Page MenuHomePhabricator

Decrease the weight of page views in search result ranking for the completion suggester
Closed, ResolvedPublic

Description

Given David's recent email, we should probably decrease the weight with which pageviews affect our search result rankings to reduce volatility in our search result rankings. This task tracks the discussion and any work for that.

Event Timeline

Deskana raised the priority of this task from to Needs Triage.
Deskana updated the task description. (Show Details)
Deskana added a project: Discovery.
Deskana added a subscriber: Deskana.
Deskana triaged this task as Medium priority.Jan 25 2016, 10:42 PM
Deskana moved this task from Needs triage to Search on the Discovery board.

It is not staff or developers roles to play policymaker on offensive terms, that is clearly a community role; that said pageviews as a raw statistic should not have a high determination factor of results based on leading two characters.

One presumes (with no data to rely upon) that pageview statistics based on a two letter start to a word is going to be a poor proportional representation of the sum of all different landing pages with those two starting letters. It is completely reasonable to not overly skew search results based on pageviews as numbers, (be it for an offensive term or not.) Better indicators would seem to be page views based on completed searches (and to be agnostic on offensive or whatever); or to based it on a factor of pageviews as a proportion of pageviews for letter combinations, eg. if 50% the pages viewed for a two letter combination is it reasonable to skew, however, it if is 1.01% vs 1.17% then it is not reasonable.

We have to be language agnostic so cannot be tied to thinking that English Wikipedia is the ultimate guide for pages views to lead search results, and how we manage offensiveness across langauge. We also do not want to make a rod for our back in that we have to manipulate or be beholden to complaints about this term being offensive, biased, etc. and then forever tweaking formulae, on different wikis, and for this to be a staff/developer responsibility (unsustainable resources and politically). If that is something that needs to be done, it would be better to let the communities beat themselves silly in controlling such lists of words that they wish to regard as offensive or otherwise problematic, not staff nor developers.

We also need to be cognisant that this will be a suggester for all WMF wikis, not just the encyclopaedias, and the impact that decisions made can skew other results. So what impact is the decision to skew a result based on an offensive result at enWP, going to have at Commons, or at Meta, etc.

It is not staff or developers roles to play policymaker on offensive terms, that is clearly a community role; that said pageviews as a raw statistic should not have a high determination factor of results based on leading two characters.

I agree with this principle. That said, there was a suboptimal behaviour with the prototype here, in that it was giving too much weight to page views; the fact that the results were also offensive was a (hilarious) coincidence. ;-)

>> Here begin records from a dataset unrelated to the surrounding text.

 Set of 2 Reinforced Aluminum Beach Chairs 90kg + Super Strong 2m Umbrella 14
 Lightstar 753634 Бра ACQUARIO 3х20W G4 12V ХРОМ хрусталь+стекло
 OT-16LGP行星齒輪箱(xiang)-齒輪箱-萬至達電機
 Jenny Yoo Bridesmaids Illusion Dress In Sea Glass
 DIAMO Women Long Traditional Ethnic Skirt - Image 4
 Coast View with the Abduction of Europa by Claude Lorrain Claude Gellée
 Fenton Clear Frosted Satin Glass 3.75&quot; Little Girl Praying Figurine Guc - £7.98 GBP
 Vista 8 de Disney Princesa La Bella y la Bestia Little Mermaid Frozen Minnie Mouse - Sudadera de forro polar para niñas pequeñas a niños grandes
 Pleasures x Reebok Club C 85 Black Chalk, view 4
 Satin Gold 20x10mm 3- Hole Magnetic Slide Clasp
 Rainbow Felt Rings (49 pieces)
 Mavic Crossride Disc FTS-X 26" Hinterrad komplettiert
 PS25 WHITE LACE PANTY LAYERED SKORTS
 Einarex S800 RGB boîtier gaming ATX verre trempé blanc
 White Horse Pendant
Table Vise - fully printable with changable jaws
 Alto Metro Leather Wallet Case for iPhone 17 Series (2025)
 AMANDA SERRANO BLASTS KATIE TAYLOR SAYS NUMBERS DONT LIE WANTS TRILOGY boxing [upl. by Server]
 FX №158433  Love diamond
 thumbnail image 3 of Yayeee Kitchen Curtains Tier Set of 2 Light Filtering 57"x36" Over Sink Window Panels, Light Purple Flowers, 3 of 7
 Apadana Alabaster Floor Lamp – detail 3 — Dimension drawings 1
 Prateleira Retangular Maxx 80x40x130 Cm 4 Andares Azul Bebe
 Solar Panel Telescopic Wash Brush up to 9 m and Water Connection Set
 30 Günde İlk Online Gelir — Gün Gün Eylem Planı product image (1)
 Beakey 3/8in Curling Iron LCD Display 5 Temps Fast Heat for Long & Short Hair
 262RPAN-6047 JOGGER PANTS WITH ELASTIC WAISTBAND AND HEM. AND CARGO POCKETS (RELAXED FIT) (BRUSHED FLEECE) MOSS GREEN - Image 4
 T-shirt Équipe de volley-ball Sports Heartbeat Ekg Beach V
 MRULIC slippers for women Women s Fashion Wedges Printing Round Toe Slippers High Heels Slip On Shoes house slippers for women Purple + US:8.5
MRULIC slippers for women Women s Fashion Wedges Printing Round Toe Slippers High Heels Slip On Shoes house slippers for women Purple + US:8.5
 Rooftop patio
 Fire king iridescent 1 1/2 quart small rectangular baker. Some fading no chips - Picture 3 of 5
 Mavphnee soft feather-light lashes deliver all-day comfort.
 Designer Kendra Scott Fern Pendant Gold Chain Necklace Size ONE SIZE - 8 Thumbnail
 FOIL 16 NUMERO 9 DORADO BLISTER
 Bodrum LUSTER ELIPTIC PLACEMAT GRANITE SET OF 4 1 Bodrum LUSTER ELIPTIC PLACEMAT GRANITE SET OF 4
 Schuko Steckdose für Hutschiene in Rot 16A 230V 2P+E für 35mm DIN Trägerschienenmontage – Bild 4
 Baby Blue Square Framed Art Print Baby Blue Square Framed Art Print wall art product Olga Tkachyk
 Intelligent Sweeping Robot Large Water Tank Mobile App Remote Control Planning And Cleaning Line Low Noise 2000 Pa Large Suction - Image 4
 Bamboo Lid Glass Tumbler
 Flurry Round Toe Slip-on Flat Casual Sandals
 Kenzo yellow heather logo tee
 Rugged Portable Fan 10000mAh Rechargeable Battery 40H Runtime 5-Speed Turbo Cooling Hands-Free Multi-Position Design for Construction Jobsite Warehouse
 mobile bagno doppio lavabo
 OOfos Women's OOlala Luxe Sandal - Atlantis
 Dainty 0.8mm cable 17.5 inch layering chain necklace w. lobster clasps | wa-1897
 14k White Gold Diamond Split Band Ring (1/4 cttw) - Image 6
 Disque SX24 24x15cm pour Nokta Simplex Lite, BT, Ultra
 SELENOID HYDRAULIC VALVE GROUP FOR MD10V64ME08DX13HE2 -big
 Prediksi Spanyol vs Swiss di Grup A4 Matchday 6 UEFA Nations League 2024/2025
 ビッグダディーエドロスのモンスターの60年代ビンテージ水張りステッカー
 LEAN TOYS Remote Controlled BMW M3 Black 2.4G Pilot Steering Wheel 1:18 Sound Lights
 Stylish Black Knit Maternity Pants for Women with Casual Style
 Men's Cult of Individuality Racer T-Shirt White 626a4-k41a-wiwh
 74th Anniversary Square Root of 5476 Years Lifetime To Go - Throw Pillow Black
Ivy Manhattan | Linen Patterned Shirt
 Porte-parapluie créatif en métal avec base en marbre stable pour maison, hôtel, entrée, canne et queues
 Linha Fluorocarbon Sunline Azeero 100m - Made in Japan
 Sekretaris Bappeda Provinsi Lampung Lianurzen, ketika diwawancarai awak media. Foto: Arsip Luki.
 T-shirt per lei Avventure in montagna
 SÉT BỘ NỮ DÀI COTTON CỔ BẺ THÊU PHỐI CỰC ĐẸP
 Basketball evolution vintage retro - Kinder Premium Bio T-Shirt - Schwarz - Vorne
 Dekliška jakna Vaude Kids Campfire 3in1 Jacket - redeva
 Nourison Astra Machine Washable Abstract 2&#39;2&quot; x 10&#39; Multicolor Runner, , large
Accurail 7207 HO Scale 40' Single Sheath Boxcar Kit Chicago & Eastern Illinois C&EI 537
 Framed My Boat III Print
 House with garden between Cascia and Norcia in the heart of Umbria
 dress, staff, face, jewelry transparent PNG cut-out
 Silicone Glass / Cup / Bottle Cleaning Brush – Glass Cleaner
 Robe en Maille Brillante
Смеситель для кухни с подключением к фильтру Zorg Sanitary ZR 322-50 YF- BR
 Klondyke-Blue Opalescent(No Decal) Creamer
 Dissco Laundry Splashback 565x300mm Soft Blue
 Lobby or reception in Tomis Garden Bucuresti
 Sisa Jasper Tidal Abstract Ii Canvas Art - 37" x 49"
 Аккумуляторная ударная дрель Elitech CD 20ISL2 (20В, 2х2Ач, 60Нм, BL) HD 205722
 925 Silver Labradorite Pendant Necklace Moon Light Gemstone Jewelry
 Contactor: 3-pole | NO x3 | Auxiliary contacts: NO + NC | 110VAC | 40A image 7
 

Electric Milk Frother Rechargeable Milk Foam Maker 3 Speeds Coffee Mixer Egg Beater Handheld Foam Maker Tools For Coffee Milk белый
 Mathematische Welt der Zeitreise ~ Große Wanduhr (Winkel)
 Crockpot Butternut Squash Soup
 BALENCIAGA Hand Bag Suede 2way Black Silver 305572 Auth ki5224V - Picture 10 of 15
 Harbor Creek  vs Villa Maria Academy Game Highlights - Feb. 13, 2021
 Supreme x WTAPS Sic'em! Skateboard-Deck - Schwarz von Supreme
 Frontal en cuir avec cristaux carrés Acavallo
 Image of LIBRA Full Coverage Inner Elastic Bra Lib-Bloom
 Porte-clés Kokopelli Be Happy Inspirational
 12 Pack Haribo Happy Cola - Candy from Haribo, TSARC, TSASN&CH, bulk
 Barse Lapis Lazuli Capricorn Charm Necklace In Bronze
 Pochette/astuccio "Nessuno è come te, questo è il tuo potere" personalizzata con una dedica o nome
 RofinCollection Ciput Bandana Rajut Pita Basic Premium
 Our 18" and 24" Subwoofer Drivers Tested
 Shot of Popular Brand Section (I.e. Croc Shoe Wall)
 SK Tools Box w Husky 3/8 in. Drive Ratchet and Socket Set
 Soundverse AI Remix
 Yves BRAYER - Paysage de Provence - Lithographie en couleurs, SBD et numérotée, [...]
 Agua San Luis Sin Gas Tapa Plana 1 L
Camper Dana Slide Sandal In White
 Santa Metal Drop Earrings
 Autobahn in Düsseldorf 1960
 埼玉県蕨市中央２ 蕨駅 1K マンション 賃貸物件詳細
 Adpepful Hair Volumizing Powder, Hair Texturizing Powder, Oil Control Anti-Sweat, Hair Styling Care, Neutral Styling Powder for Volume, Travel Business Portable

Deskana claimed this task.

The crux of this issue is resolved now. We fairly significantly decreased the weight with which page views affect the search ranking. This solves the volatility problem, and the ranking issues. We can resolve this task.

@Deskana. Nice to know. As I mentioned in the mailing list, I was wondering on the usefulness of the order of magnitude of a pageview raw count though maybe that becomes too arcane a measure, though it too would seem to allow some reasonable measure of views, and remove the volatility.